Parle nous de tes projets BD à venir ?
Bon, allez, on lâche le morceau. On va entamer la prod de la 2eme saison de Masqué, avec Serge, et ce sur un dyptique. j’ai aussi le Sang du dragon à poursuivre avec un rythme d’un album l’an. Et d’autres choses qui se mettent en place. Plein de travail…..ma scoliose va connaitre une belle embellie.

Que penses-tu du dernier Yoko Tsuno ?
Que c’est super, que c’est top, mais que ce n’est pas pour moi. ça manque de slip au dessus du pantalon et de mutants.

Il est sympa Bastien Vives ?
Toi, tu cherches à me mettre en colère. Connais pas et je ne cherche pas le connaitre. je ne lis plus ses ouvrages qui me font entrer dans des transes extatiques de colère et de pulsion meurtrière.

Si tu pouvais étrangler une personne en particulier dans l’univers de la BD, ca serait qui (en sachant que la réponse pourra être retenue contre toi devant un tribunal) ?
Pourquoi, juste une ? C’est le moment d’élaguer la concurrence. Je vais te surprendre, personne en particulier. Je trouve que ce milieu, bordélique, foireux plus souvent qu’à son tour, est pourtant globalement assez sain… Il y a bien 2 ou 3 singularités qui détonnent et qui mériteraient qu’on les ramène sur terre, mais, moi, je les esquive. Ce métier a aussi comme particularité que tu choisis plus ou moins avec qui tu travailles, ce qui permet d’apurer ton environnement…bon, je secouerais bien un peu le Syndicat national des Editeurs, mais de là à les étrangler… pis, ils ont quand même une utilité , les éditeurs, hein…
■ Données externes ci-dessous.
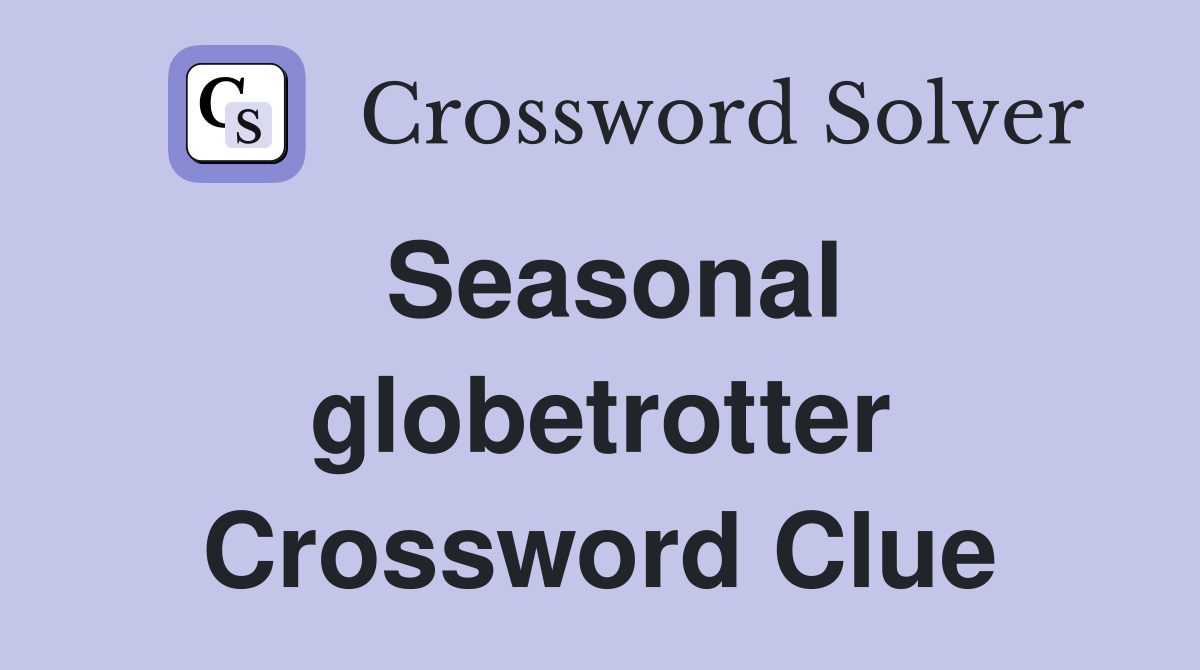 Seasonal globetrotter Crossword Clue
Quelle BD tu lis en ce moment ?
Je lis assez peu de bd….heu, la dernière, je crois que c’est Chaos Team de Vincent et Ronan.

Quel Comics lis-tu en ce moment ?
Je viens de finir le Blackest Night, et j’ai en réserve la série des Earth 2… Ainsi que le dernier Scalped.

Quelle est la dernière merde que tu aies lu ?
Superior Spiderman… Dan Slott, mon dieu, qu’as tu fait ? Et Justice League période Johns-Lee… Le degré zéro de l’inventivité, un Lee qui ronfle au détour d’une planche, un Johns qui considère ses lecteurs comme des abrutis finis.

Qu’est-ce qui t’ennerve en ce moment ?
Les commentaires sur ton site… ça, cela m’énerve… Que des abrutis puissent avoir la prétention de nous dire ce que l’on doit faire, ça me donne des envies de tronçonneuse et de scie circulaire. Le courage de l’anonymat… Penser à la montagne d’intelligence qui a fallu pour créer le net et ses périphériques, et constater que tout cela est mis au service de la bêtise crasse… Oui… Une bonne tronçonneuse.